My Adventure with “The New Jim Crow”

home_book_cvrThe New Jim Crow, Michelle Alexander’s 2010 racial critique of mass incarceration, is back in the news, thanks to a New York Times article on the surprising decision by North Carolina prisons to remove it from a banned books list.

I had an adventure with that book, myself.

A few years ago, I offered to loan my copy of the book to a new student, provided, of course, I could get permission. I emailed the director of education, and she told me to leave the book at the front gate with her name on it, so that she could make sure it would be allowed.

That night, the officer at the gate told me to carry it back to the school building, and leave it at the desk there. That officer, though, must have known I was coming. He promptly took it away from me, and initiated the following conversation:

“Who asked you to bring this in?”

“The education director.”

“No. What inmate? What’s his name?”

“I don’t remember.” (True.)

“What does he look like?”

“I don’t remember.” (Less true.)

I then received a lecture on how the inmates had lots of books, how the library was even better than the one in his daughter’s school, and a few other things I’d heard before. He gave the book back to me after class, and told me to take it home.

Two things.

First, I learned who the real power brokers are in the prison. The administration loves to throw “thank you” dinners for the volunteers, and tell us how much they appreciate us, but when we go in at 5:30, they’re not there.

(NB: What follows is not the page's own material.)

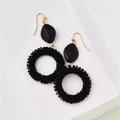 American Eagle Outfitters Jewelry | Ae Beaded Hoop Earrings | Color: Black | Size: Os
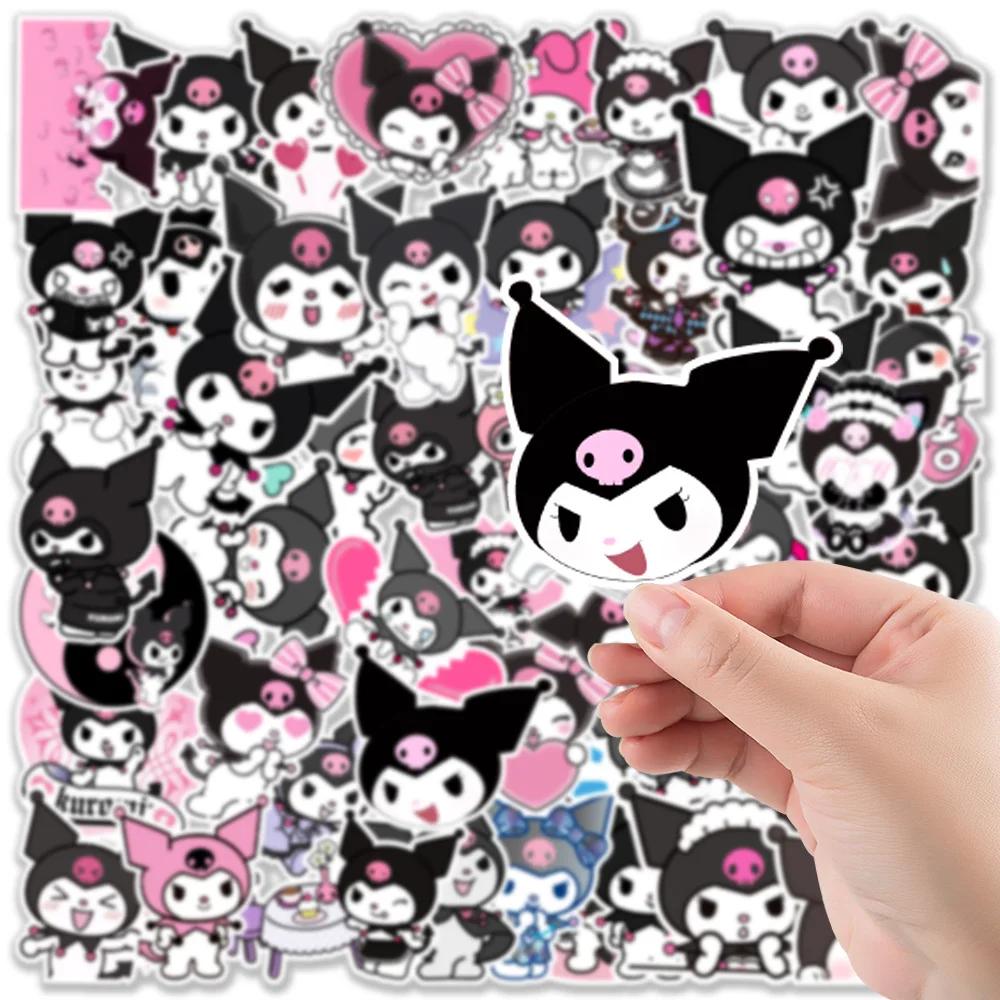 50Pcs Sanrio Anime Kuromi Stickers Laptop Skateboard Guitar Suitcase Motorcycle Graffiti Decal Waterproof Kawaii Sticker Toy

Second, I learned how hostile a prison–or any institution of control–can be to information that tries to undermine it. In the Times story, Chris Brook, legal director for the North Carolina A.C.L.U, is quoted as saying,

There is a particular perverse irony about barring a book about racism and mass incarceration from prisons in [the] state.

Not really. Large numbers of books are banned, for various reasons, and it’s not surprising that prisons would want to keep out any that might increase resentment and inflame racial tensions.

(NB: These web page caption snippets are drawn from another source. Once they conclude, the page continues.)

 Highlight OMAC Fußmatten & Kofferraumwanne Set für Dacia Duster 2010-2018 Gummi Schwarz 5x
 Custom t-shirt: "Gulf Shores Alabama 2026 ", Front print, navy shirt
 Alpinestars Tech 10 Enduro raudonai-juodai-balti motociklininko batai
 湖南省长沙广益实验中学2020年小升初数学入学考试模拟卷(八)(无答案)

More importantly, though, The New Jim Crow, and other books that foreground the historical and cultural context of mass incarceration–e.g. From the War on Poverty to the War on Crime, by Elizabeth Hinton; Blood in the Water, by Heather Ann Thompson; and Disrupting the School-to Prison Pipeline, by Bahena et al.–pose a threat to a penal system focused entirely on the “rehabilitation” of the individual. Foucault, in Discipline and Punish, writes, “In short, penal imprisonment, from the beginning of the nineteenth century, covered both the deprivation of liberty and the technical transformation of the individuals.”

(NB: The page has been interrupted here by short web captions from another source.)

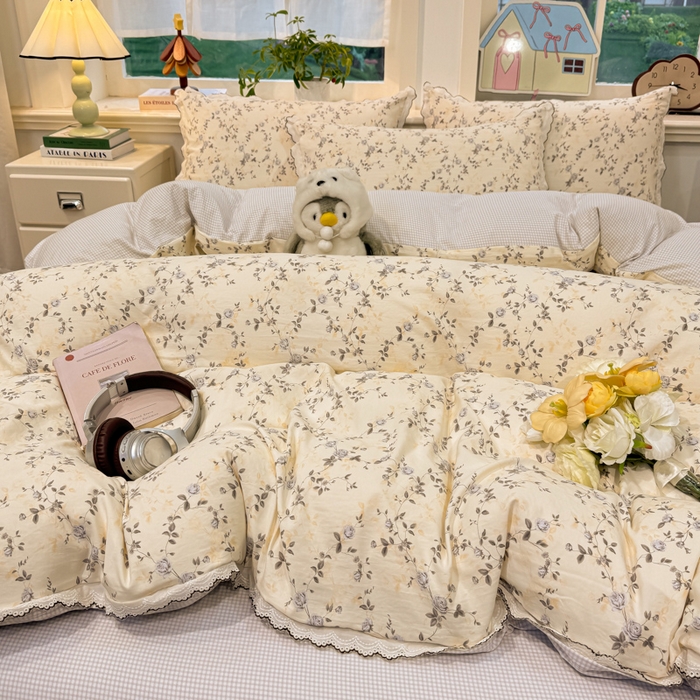 91家纺网 家纺一手货源 找家纺 漫仙阁家纺 2026新款云感泡芙棉四件套 槿上花开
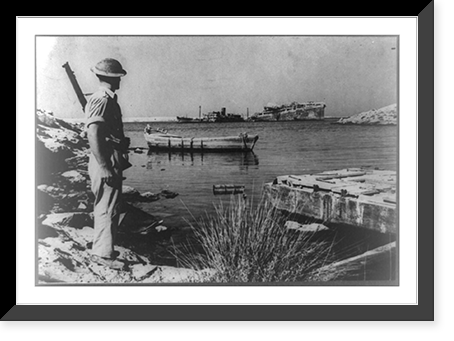 View of the harbour at Tobruk showing sunken and damaged ships Classic, Antique Wall Art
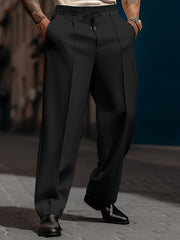 Men's White Relaxed Fit Trousers All-Season Polyester Casual Pockets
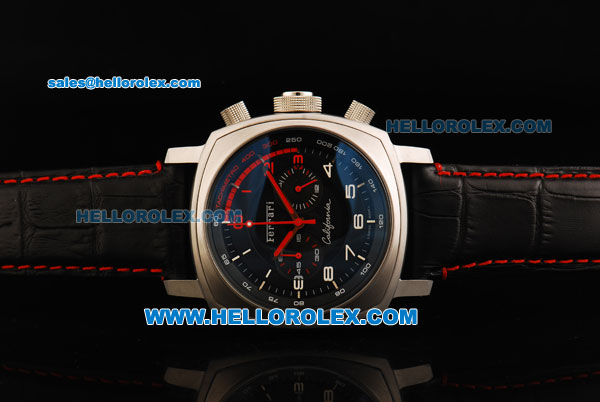 Ferrari California Chronograph Miyota Quartz Movement Steel Case with Black Dial and Black Leather Strap - Click Image to Close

The students understand remorse and rehabilitation. They often talk about personal growth, changing their “mindsets,” and pursuing education as a way of “self” improvement. They attend workshops on “Alternatives to Violence.” They also like to engage, strongly, in discussions of free will and individual choice. Last semester, during a philosophy class, one student gave a presentation on the force of external, structural influences in our lives and our beliefs. The instructor later told me that the student “held his own” in the face of loud, negative pushback from the rest of the class. In my own courses, if anyone is going to start ranting about “systemic racism” and the “intentional failures of mass incarceration,” it’s likely to be me.

All this is not to say, of course, that the students accept the way the prison handles their “correction.” They’re well aware of the failures of the shuffling, bone-stupid regimen of humility and violence under which they’re forced to live. They don’t need me to tell them that they’re being groomed to fail, and probably wince–or laugh–when I do, as if I’m some kind of idiot prophet.

Self transformation occurs in spite of, not as the result of, the prison. In The Shawshank Redemption, Red says, when facing a parole board,

Am I sorry for what I did? There’s not a day goes by I don’t feel regret. Not because I’m in here, because you think I should. I look back on the way I was then: a young, stupid kid who committed that terrible crime. I want to talk to him. I want to try to talk some sense to him, tell him the way things are. But I can’t. That kid’s long gone, and this old man is all that’s left. I got to live with that. Rehabilitated? It’s just a bullshit word. So you go on and stamp your form, sonny, and stop wasting my time.

One of my own students put it a lot more succinctly:

I deserve to be punished, but I don’t deserve this.